To plead guilty or not guilty: That is the question

The last thing you expected after meeting your friends for supper at a local Alabama restaurant was that police would pull you over on your way home. The officer said one of your brake lights was not functioning properly. At first, you didn’t think the situation was a big deal, until the police officer asked you if you drank any alcohol in the past couple hours. You remembered enjoying a small glass of wine at dinner, and stressed over whether or not to share this information with the officer.

In such situations, the only questions you must answer are those pertaining to basic personal identification and vehicle information. You can choose to invoke your Fifth Amendment right to remain silent until you have the opportunity to speak to an experienced criminal defense attorney. Many drivers think it’s better to admit alcohol consumption upfront; in fact, some people plead guilty when charged with DUI because they think it’s the most viable option.
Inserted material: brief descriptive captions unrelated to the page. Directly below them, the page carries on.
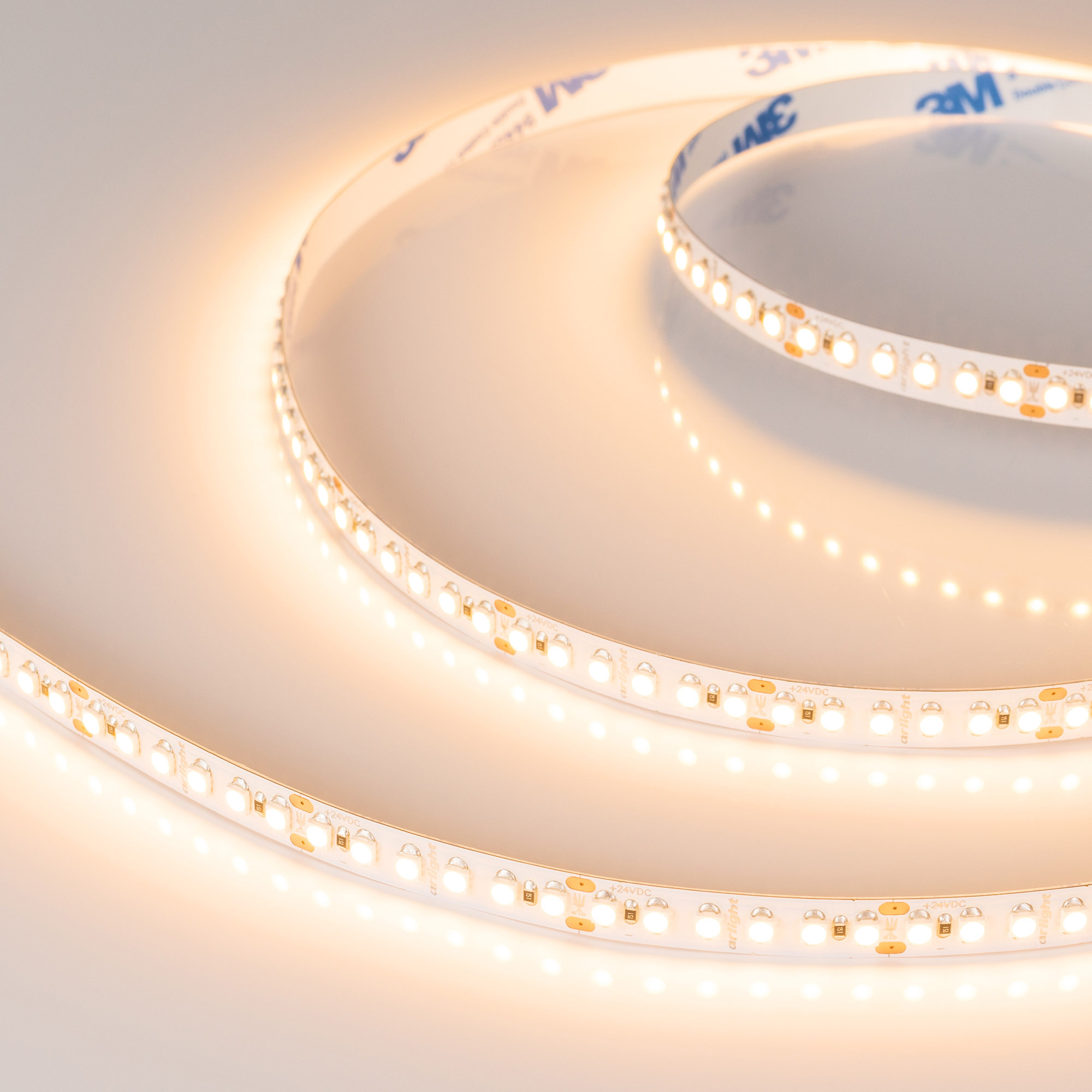 Arlight Лента RT-A180-8mm 24V Warm2700 (14.4W/m, IP20, 3528, 5m) ( 14.4 Вт/м, IP20) фото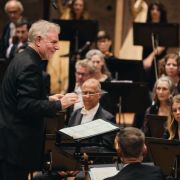 Karl-Heinz Steffans conducts the Norrköping Symphony Orchestra &copy; Fabian Schellhorn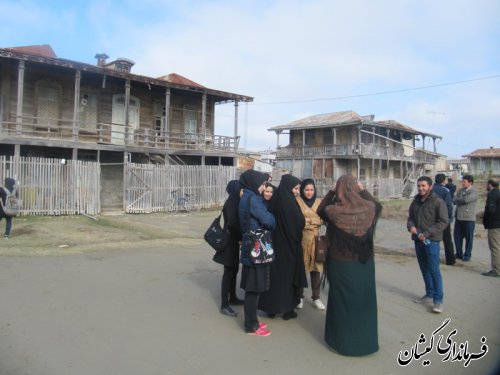 بازدید دانشجویان دانشگاه پیام نور گرگان از بافت های تاریخی شهرستان گمیشان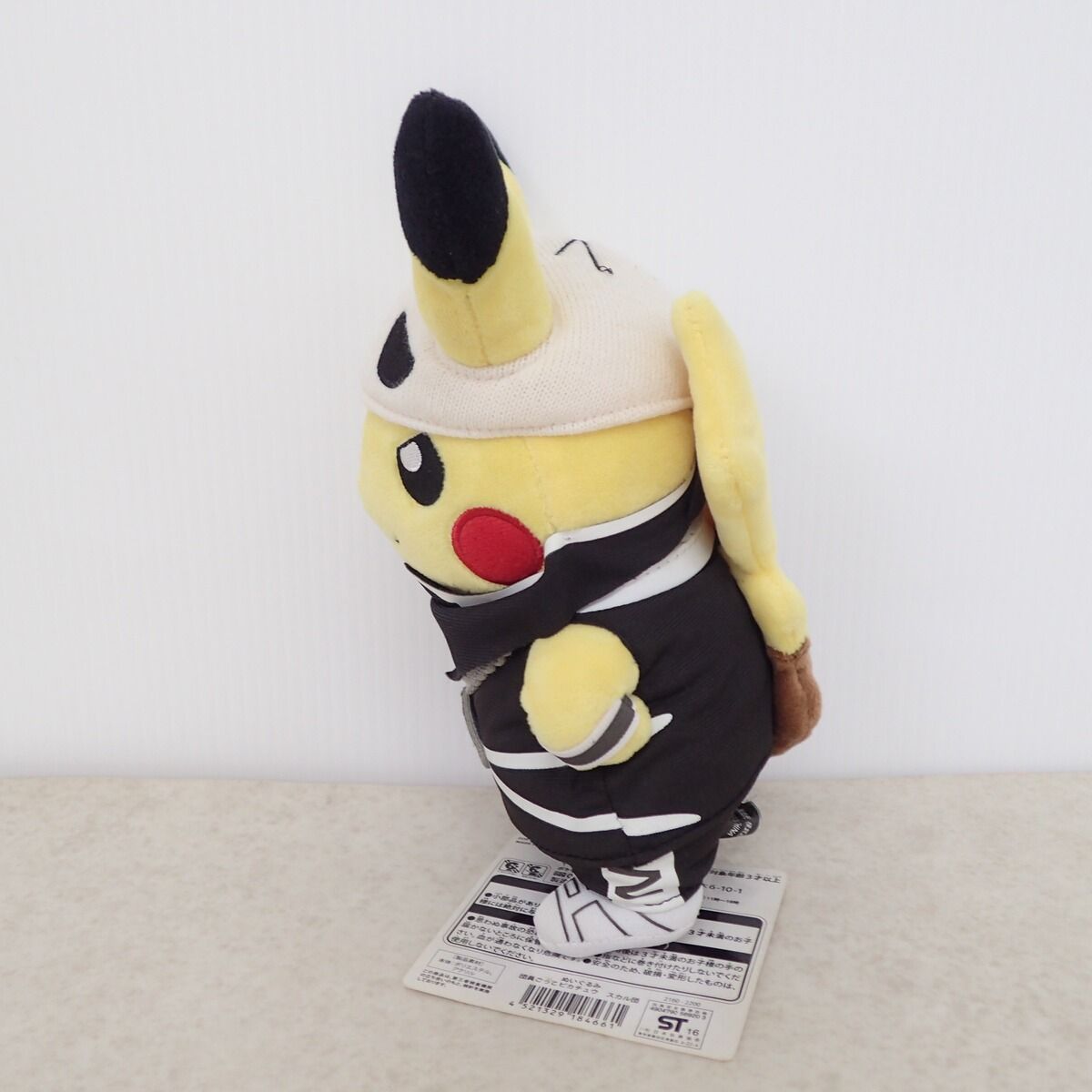 ポケモンセンター ぬいぐるみ 団員ごっこピカチュウ スカル団 紙タグ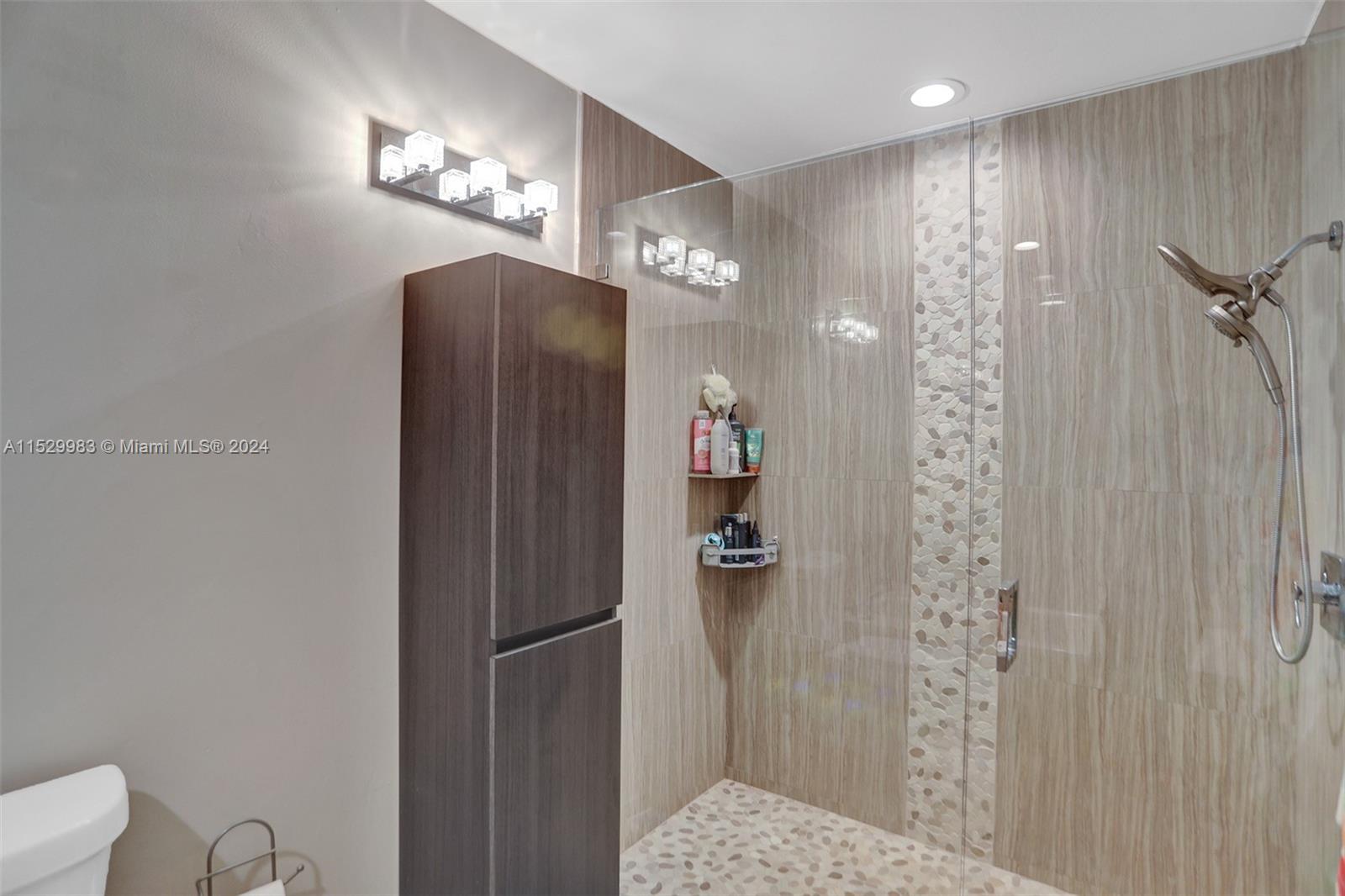 REPLAT OF PORTION - Residential Lease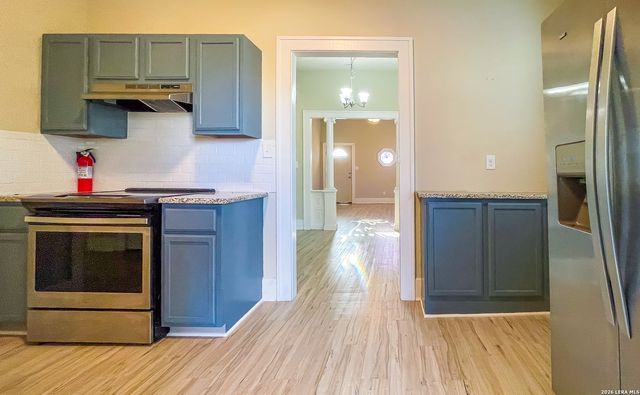 423 S 6th, Kenedy, TX 78119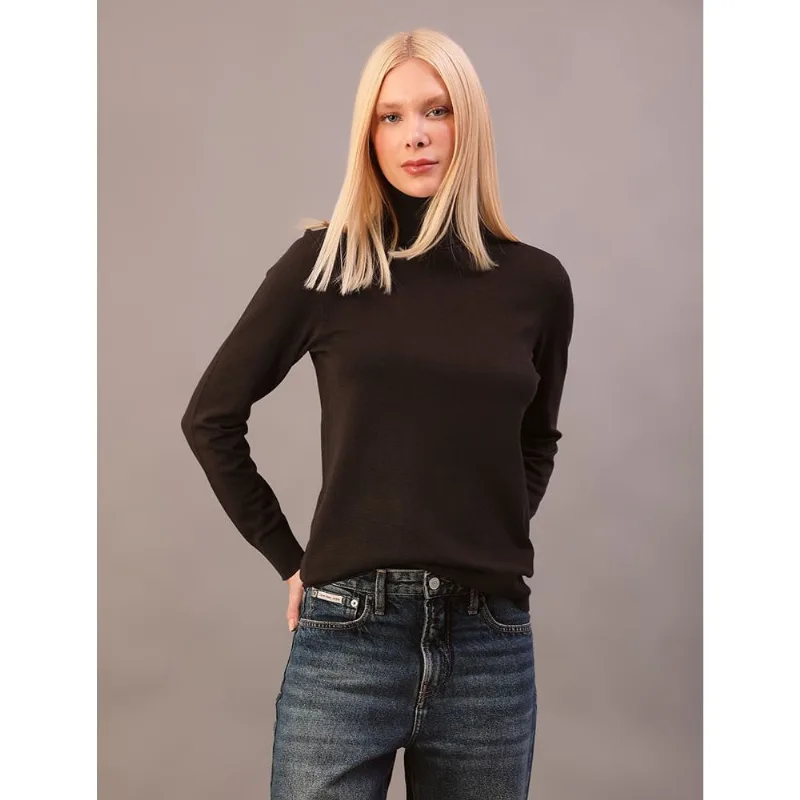 Tricô Feminino Gola Alta Calvin Klein Jeans - Cafe Tricô Feminino Gola Alta Calvin Klein Jeans Cafe Pp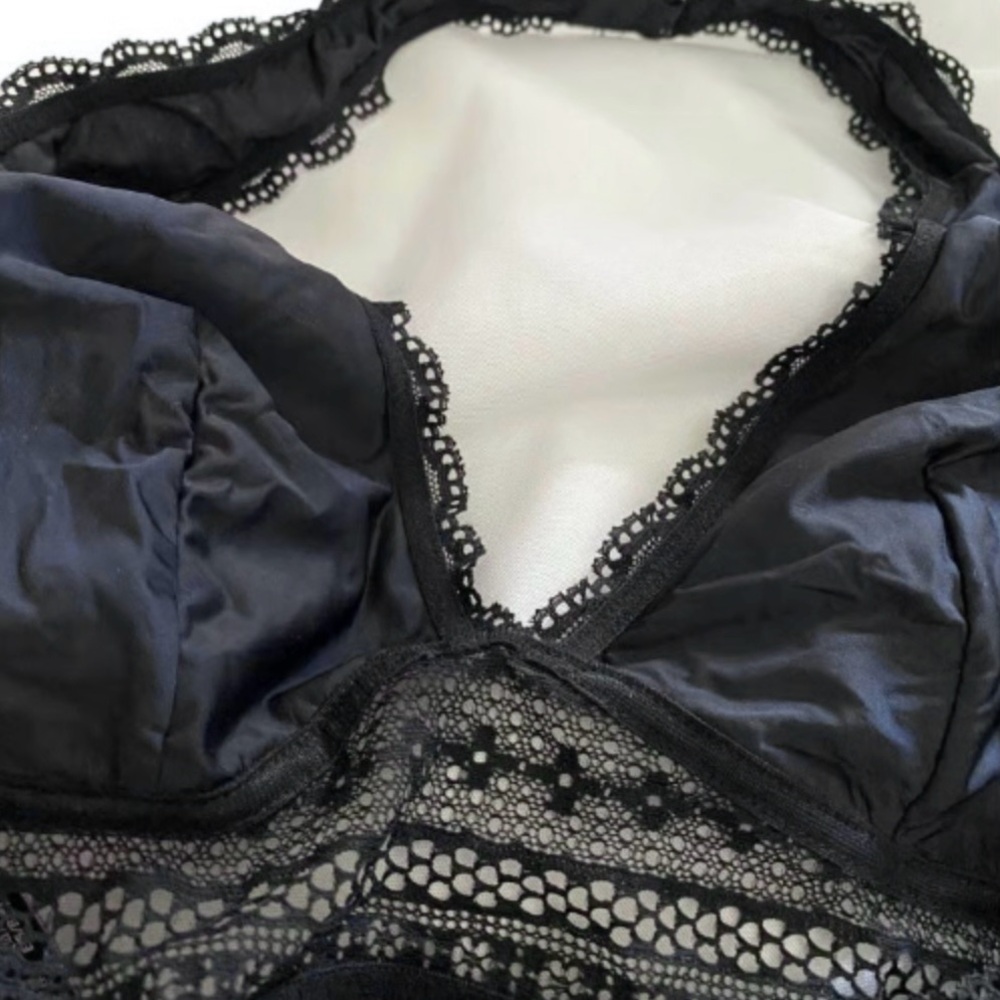 Victoria’s Secret Black Lace Halter Bralette S Romantic Goth Dark Coquette - Picture 6 of 8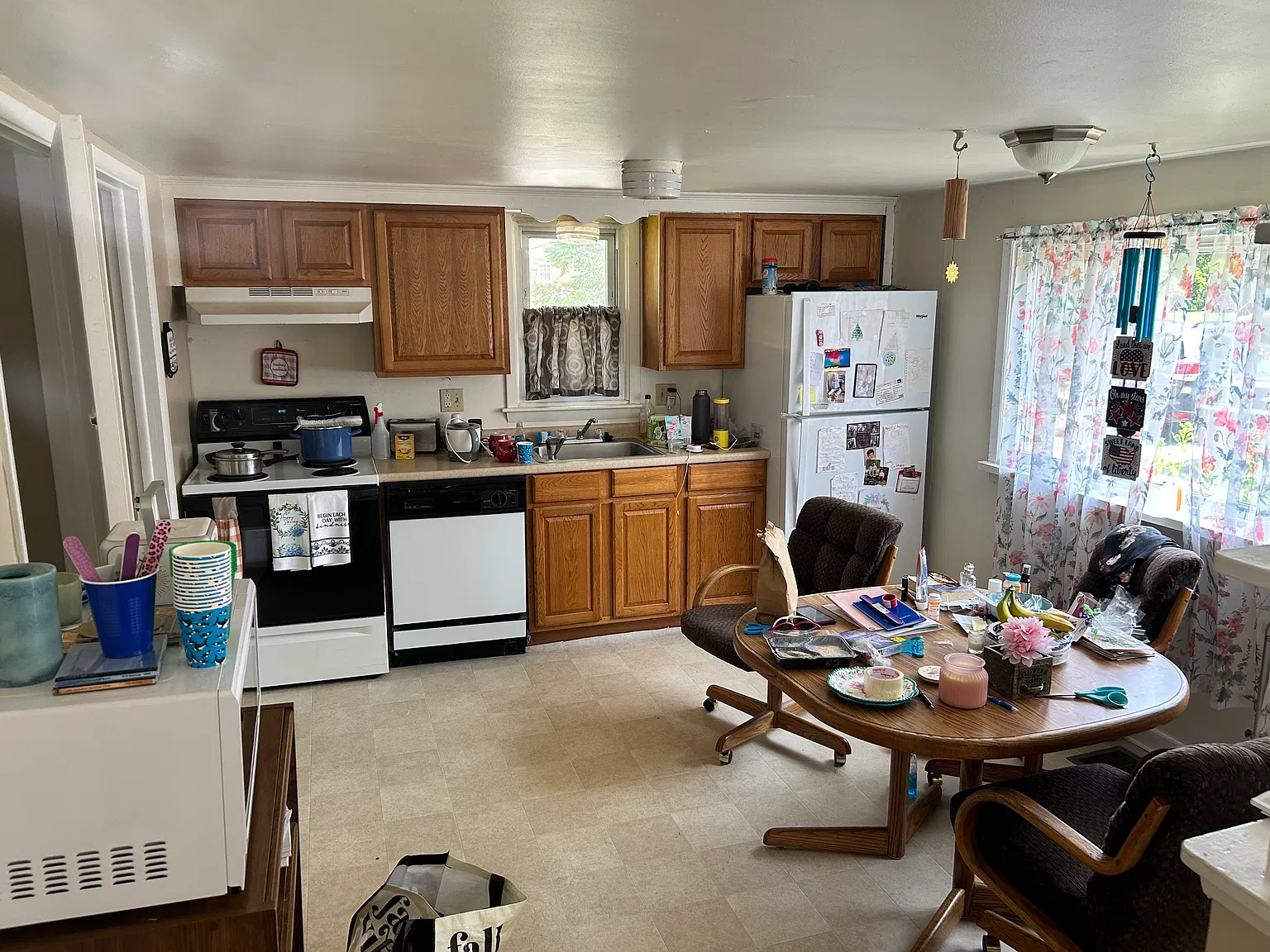 1 bed, 1000 sqft, $1,095 — Photo 2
Every DUI situation is different

What may be the best way for you to proceed in such circumstances may not be as good a choice for another motorist. Obtaining a positive outcome when facing DUI charges in this or any other state often depends on a variety of factors, including but not limited to your driving record and criminal history. If police charge you with driving under the influence of alcohol, keeping the following in mind may help you stay out of jail:

  • There are possible administrative penalties associated with Breathalyzer refusal in Alabama; however, this test is 100 percent voluntary.
  • Many factors can cause false positive DUI results on a Breathalyzer test.
  • An experienced attorney can argue that a breath test device was not properly calibrated for a particular person’s body composition.
  • Some people plead not guilty following collisions with no personal injuries involved because they hope to receive plea agreement offers from prosecutors.
  • Others plead not guilty to DUI, but guilty to lesser charges.
  • Drunk driving is a criminal offense, not a traffic violation. It’s important to keep this in mind when considering your plea options.

A drunk driving arrest can turn your entire life upside down in an instant. If a motor vehicle collision occurred, and another person suffered injury or death, you will likely face potentially severe penalties if the court hands down a conviction. Even before going to trial, a DUI charge can negatively impact your professional and personal reputation.

Although it’s permissible, it’s typically never a good idea to fight drunk driving charges alone. The chances of avoiding conviction are much greater when a defendant enlists the help of an experienced criminal defense attorney. You can request legal representation as soon as an officer detains you. Your attorney can then remain by your side throughout the adjudication process.